(Dataset excerpts)
........

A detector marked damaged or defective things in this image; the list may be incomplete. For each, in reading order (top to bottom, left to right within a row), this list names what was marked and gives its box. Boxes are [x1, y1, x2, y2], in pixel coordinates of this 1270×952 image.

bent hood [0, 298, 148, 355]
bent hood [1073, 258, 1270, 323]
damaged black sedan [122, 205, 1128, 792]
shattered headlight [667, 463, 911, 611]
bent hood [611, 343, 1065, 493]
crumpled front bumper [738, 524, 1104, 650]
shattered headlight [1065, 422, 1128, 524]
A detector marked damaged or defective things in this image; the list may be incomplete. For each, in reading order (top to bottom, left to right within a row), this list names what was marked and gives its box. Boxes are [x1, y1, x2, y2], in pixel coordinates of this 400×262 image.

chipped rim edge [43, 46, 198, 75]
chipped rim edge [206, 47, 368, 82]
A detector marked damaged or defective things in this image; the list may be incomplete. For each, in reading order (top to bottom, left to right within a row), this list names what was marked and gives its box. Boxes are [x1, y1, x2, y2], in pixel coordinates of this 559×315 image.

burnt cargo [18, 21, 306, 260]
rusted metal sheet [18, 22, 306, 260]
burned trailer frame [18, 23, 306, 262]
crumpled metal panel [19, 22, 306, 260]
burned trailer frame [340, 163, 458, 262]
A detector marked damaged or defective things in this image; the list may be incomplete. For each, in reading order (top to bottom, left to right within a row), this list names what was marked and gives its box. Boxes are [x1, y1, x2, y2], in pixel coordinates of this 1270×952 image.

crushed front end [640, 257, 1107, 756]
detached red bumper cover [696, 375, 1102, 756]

........

What you are asked to do:
Return all the data above, unaltered and complete.

Output of the exercise:
A detector marked damaged or defective things in this image; the list may be incomplete. For each, in reading order (top to bottom, left to right within a row), this list names what was marked and gives its box. Boxes are [x1, y1, x2, y2], in pixel coordinates of this 1270×952 image.

bent hood [0, 298, 148, 355]
bent hood [1073, 258, 1270, 323]
damaged black sedan [122, 205, 1128, 792]
shattered headlight [667, 463, 911, 611]
bent hood [611, 343, 1065, 493]
crumpled front bumper [738, 524, 1104, 650]
shattered headlight [1065, 422, 1128, 524]
A detector marked damaged or defective things in this image; the list may be incomplete. For each, in reading order (top to bottom, left to right within a row), this list names what was marked and gives its box. Boxes are [x1, y1, x2, y2], in pixel coordinates of this 400×262 image.

chipped rim edge [43, 46, 198, 75]
chipped rim edge [206, 47, 368, 82]
A detector marked damaged or defective things in this image; the list may be incomplete. For each, in reading order (top to bottom, left to right within a row), this list names what was marked and gives its box. Boxes are [x1, y1, x2, y2], in pixel coordinates of this 559×315 image.

burnt cargo [18, 21, 306, 260]
rusted metal sheet [18, 22, 306, 260]
burned trailer frame [18, 23, 306, 262]
crumpled metal panel [19, 22, 306, 260]
burned trailer frame [340, 163, 458, 262]
A detector marked damaged or defective things in this image; the list may be incomplete. For each, in reading order (top to bottom, left to right within a row), this list names what was marked and gives its box. Boxes are [x1, y1, x2, y2], in pixel coordinates of this 1270×952 image.

crushed front end [640, 257, 1107, 756]
detached red bumper cover [696, 375, 1102, 756]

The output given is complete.